Anthony Sant, sales & marketing director of AO Recycling, which is linked to the online electricals retailer AO, issued the call at the WEEE Conference in London yesterday (21 June) which was organised by letsrecycle.com.

Also during the conference, delegates discussed the current WEEE (waste electrical and electronic equipment) market and demand for WEEE from local authority sites.
During his presentation, Mr Sant claimed that the fridge processing sector has suffered due to a lack of investment in plants, and suggested that a ratings system would encourage producers to pay more for processing and encourage investment in the sector.
He said: “Under the current operating system producers know that their end of life fridges are being processed but they don’t know to what standard.
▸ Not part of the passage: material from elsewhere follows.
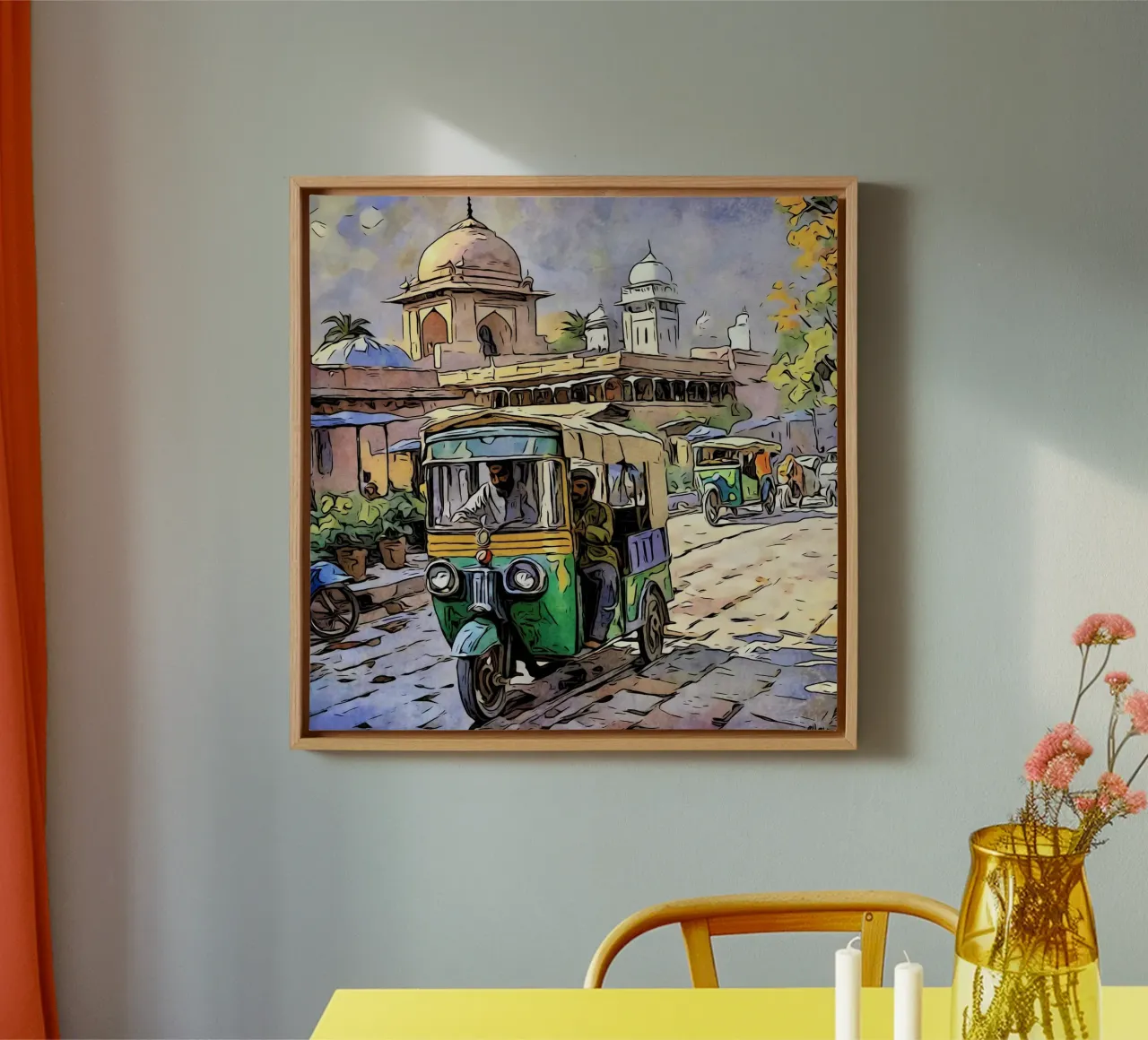 India, motif 6 canvas with Floater frame by ZAMART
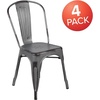 image:imageFlash Furniture Blake Commercial Grade 4 Pack Distressed Orange Metal IndoorOutdoor Stackable ChairSilver Gray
“The lack of investment in UK’s fridge processing means there are simply not the plants to consistently deal with the number of fridges and, more importantly, to a standard that meets the high expectations of producers. At the moment there is no clear picture about who is doing a good job and who isn’t.”
Standards
Mr Sant also claimed that a ratings scheme would ‘raise standards’ among processors.
He said: “A ratings system would be one way that producers and their producer compliance schemes could be reassured that the processor they are using is delivering what they expect. It would help expose bad practice and push the industry to working to the highest possible recovery standards.
“For this to work, we need to be prepared to invest in new plants and upgrade existing. This can only be funded by producers committing to paying more for processing in return for the reassurance about quality and capacity.”
The conference also heard from Chris Chandler senior waste manager for Devon county council, who outlined some of the challenges in handling WEEE from a local authority perspective.
Demand
Mr Chandler claimed that since changes to the WEEE system, demand for WEEE from local authority civic amenity sites has dropped.
He explained that the council had been unable to secure a compliant bid when tendering a contract for the collection of WEEE from CA sites across Devon. Instead the council used ‘WEEE Regulation 34’ which in effect forces a compliance scheme to collect WEEE from the collection sites.
However, he claimed that this arrangement has given Devon council ‘less control’ over the collection of WEEE from its sites.

Mr Chandler said: “Local authorities aren’t feeling particularly loved in terms of the market, the overall market has gone from good to poor and the pendulum has swung from one end of the spectrum to the other. I think there needs to be a halfway house.
“WEEE is all about producer responsibility and we think that producers should bear all of the WEEE costs and that the current system does not reflect the true costs.”
Allocation
Also speaking during the conference, Mark Dempsey sustainability manager at IT manufacturer Hewlett Packard, who claimed that adopting an allocation system for producer WEEE obligations could provide a solution to a lack of demand for WEEE from councils.
He said: “Before 2015 we had very little linkage between producers and what was being collected by producer compliance schemes. What happened was that some compliance schemes collected lots of WEEE and others couldn’t get enough and there was an imbalance. The reforms of the UK system have gone some way to addressing that issue but I think we could go further.
“We can build on some of the good practice from Europe which uses a system of ‘matching’ – matching obligations of producers with the WEEE that is arising at local authorities and ensures that those local authorities get collection in a fair and equitable way.”